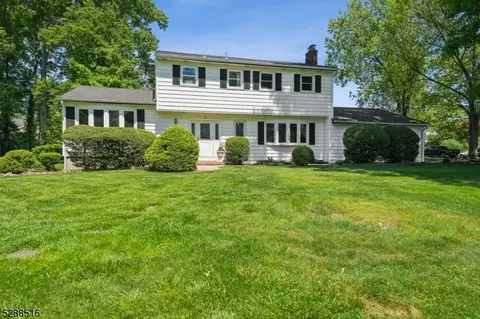 36 Eastbrook Rd, Parsippany-troy Hills Twp, NJ 07054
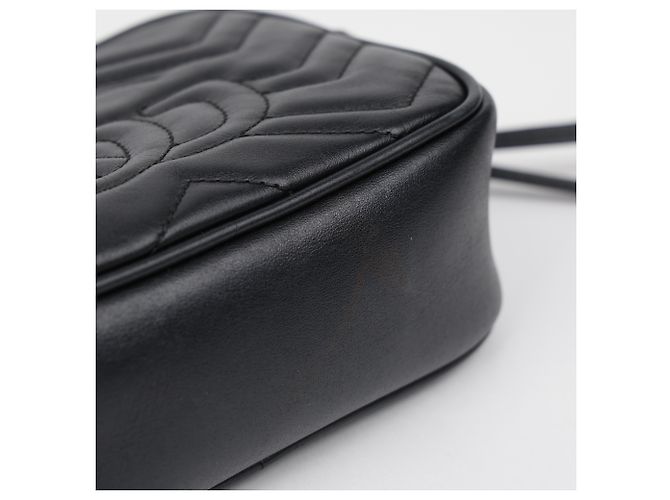 Gucci Mini borsa a tracolla GG Marmont matelassé nera - vista 13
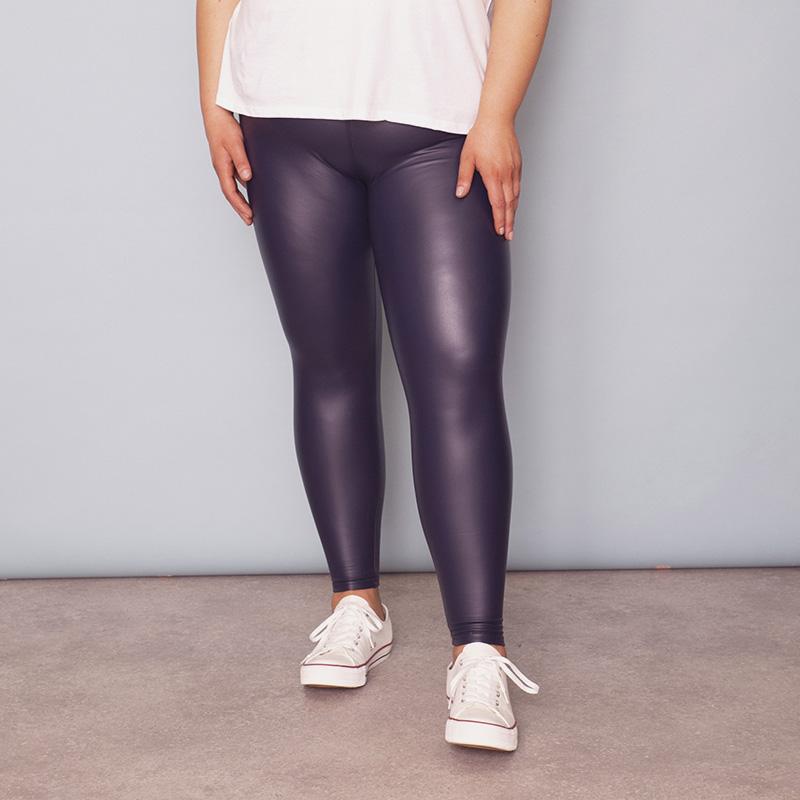 Wet Look PU Leggings (Curve) in Navy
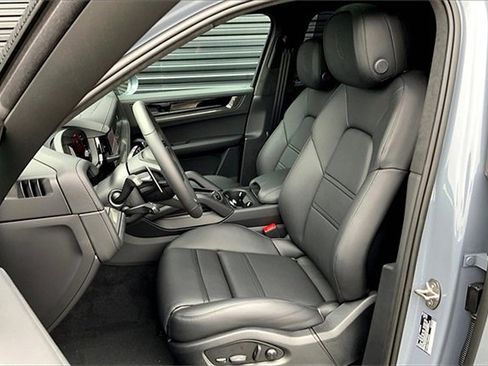 New 2026 Porsche Cayenne GTS image 5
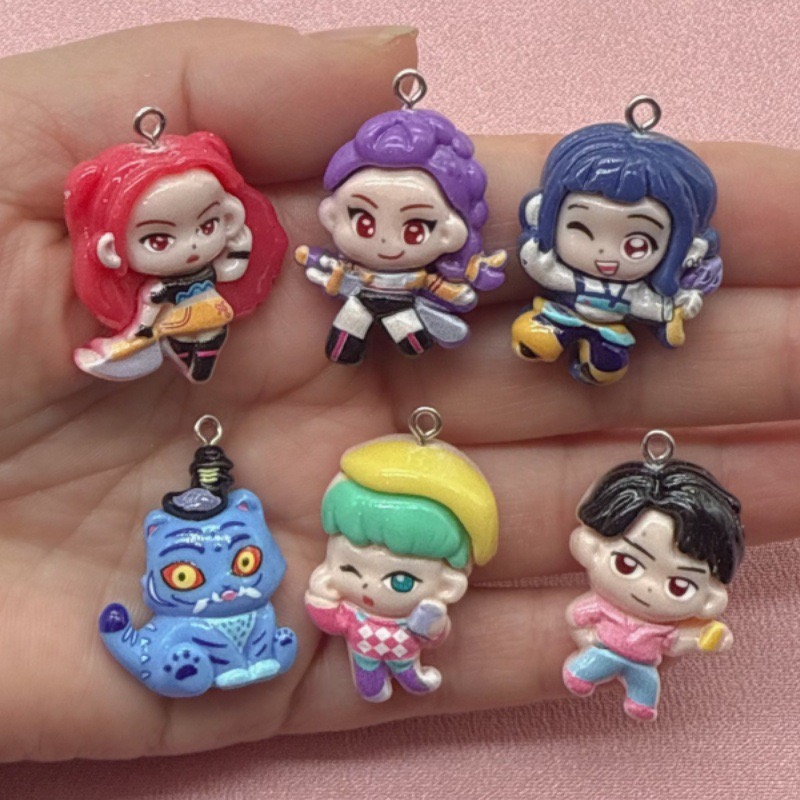 10個入り樹脂製漫画ペンダント、DIYジュエリー製作イヤリン - Jewelry Making Accessories のレビューと価格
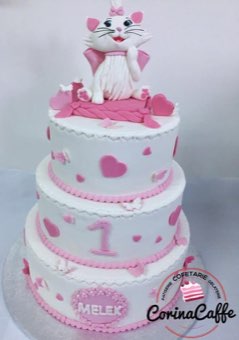 Tort sau candybar făcut de Corina Caffe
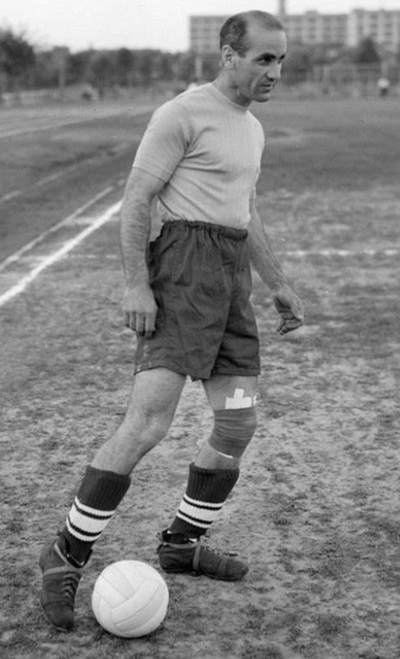 PortuGoal1's tweet photo. The little-known stories of two American football superstars of Portuguese descent. @TheRealMiguelLP delves into the careers of Billy Gonçalves &amp; John Sousa, who put in memorable displays at the 1930 and 1950 World Cups https://t.co/5r8o8dQeou https://t.co/D3tzD1tYRQ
= = = = =
» **Work instruction**: Print each line of the material above exactly, with the pictures removed from your copy.

» **Your response**:
 36 Eastbrook Rd, Parsippany-troy Hills Twp, NJ 07054
 Gucci Mini borsa a tracolla GG Marmont matelassé nera - vista 13
 Wet Look PU Leggings (Curve) in Navy
 New 2026 Porsche Cayenne GTS image 5
 10個入り樹脂製漫画ペンダント、DIYジュエリー製作イヤリン - Jewelry Making Accessories のレビューと価格
 Tort sau candybar făcut de Corina Caffe
 PortuGoal1's tweet photo. The little-known stories of two American football superstars of Portuguese descent. @TheRealMiguelLP delves into the careers of Billy Gonçalves &amp; John Sousa, who put in memorable displays at the 1930 and 1950 World Cups https://t.co/5r8o8dQeou https://t.co/D3tzD1tYRQ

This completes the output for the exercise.